I have no problem with his comment that WTI is less and less importance. I wonder however at why you would not choose a bigger benchmark than Brent. Why not Hardesty Heavy out of Canada or the OPEC blend? Anyway, WTI serves as a benchmark for light crude and the futures contracts traded around its price are no small matter but are smaller than ICE. Chris worked for ICE under its prior name so maybe that’s why he likes it.
His point about Fannie/Freddie type risk is a good one. After Lehman, the brokerage houses stopped trading with each other and started doing trades largely with clearing house like the CME who could guarantee the other side of the trade. When I initially saw that news I took a look at CME and saw it gaining on the prospect of extra business. I have not looked into what kind of risk this exposes them too. If they were to falter it would put a severe crimp into trading of many commodities.
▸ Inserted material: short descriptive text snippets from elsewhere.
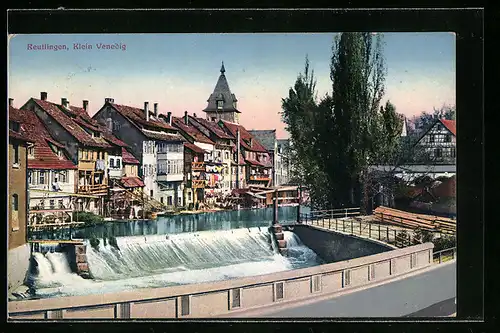 AK Reutlingen, Sicht auf Klein Venedig mit Schleuse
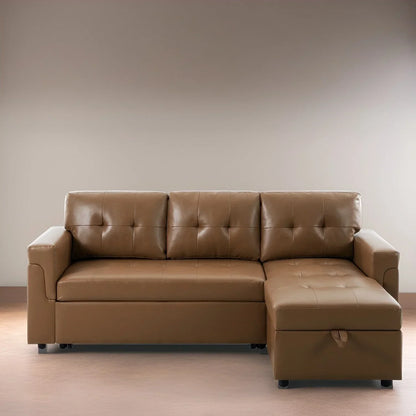Divano componibile convertibile reversibile con letto estraibile, chaise longue con contenitore nascosto e gambe durevoli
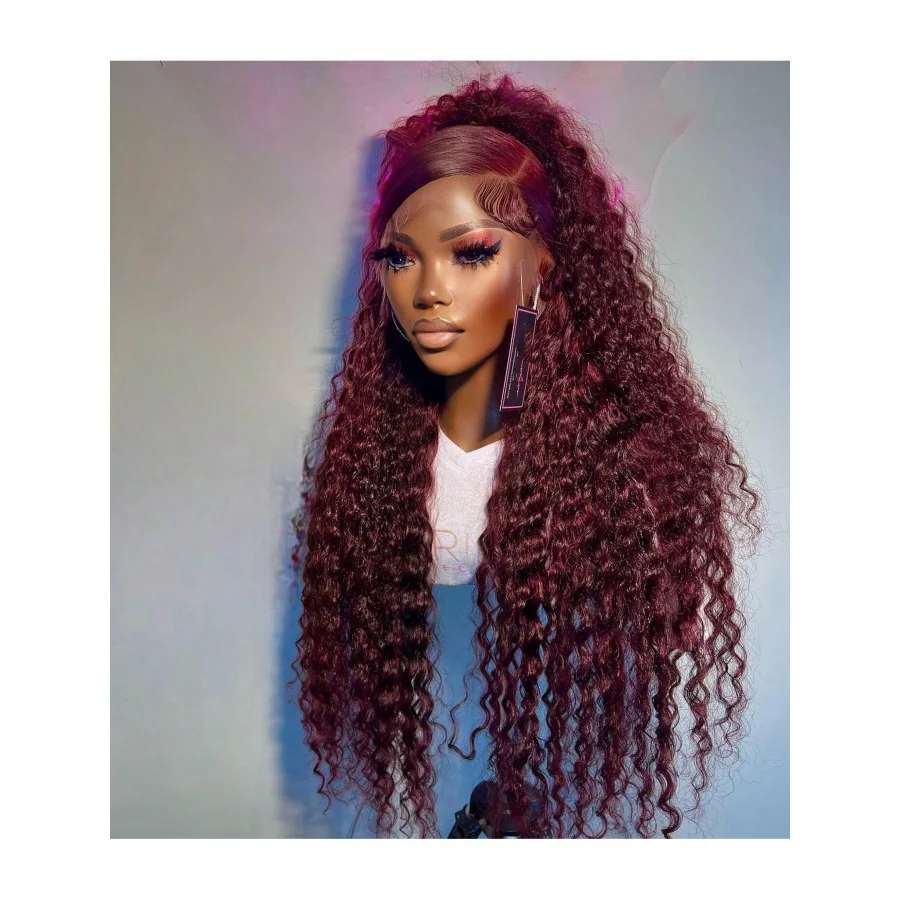 Pelucas de cabello humano Frontal de encaje transparente Borgoña 13x4 HD peluca rizada de onda profunda para mujeres 99j color rojo 34 pulgadas 200% prearrancado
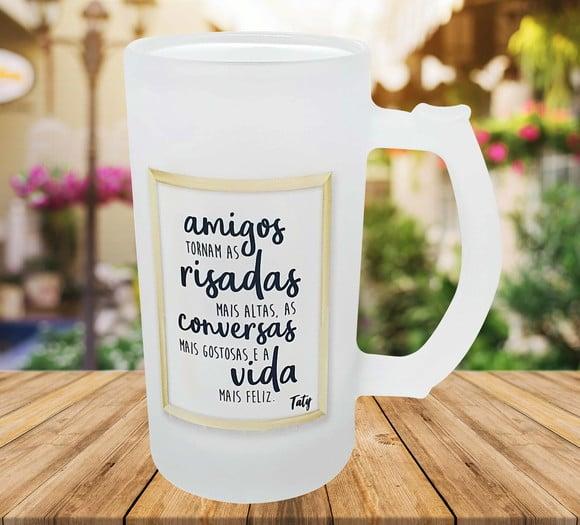 Caneca Vidro Cerveja Chopp Personalizado Presente Amigos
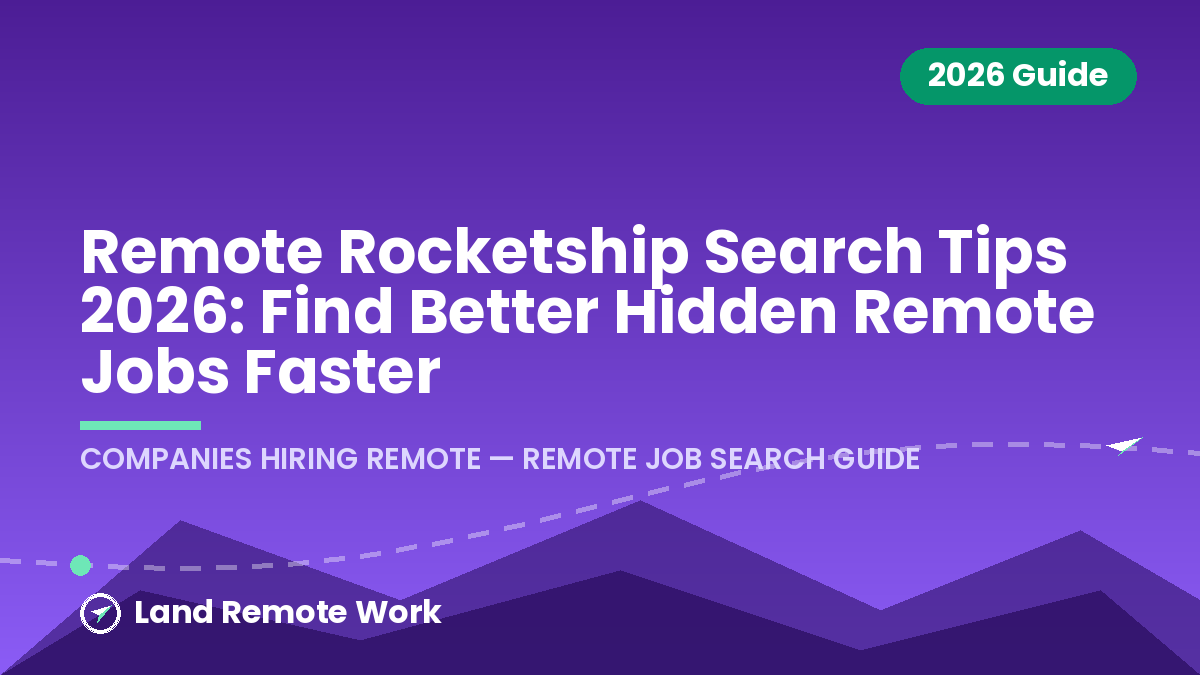 Remote Rocketship Search Tips 2026: Find Better Hidden Remote Jobs Faster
However, lack of liquidity does not necessarily mean crude would tumble. It would certainly be more volatile. I think the floor price for crude remains somewhere nearby as you start running into problems with the U.S.’s #1 supplier, Canada around the $100 per barrel mark. Much lower and they don’t break even and then the growth dries up (that appears to be happening) and maybe even some current pit operations get halted (V would know better than I but they won’t run at a loss for long).
Odds & Ends:
Analyst Watch: (GW) cut to perform at CIBC.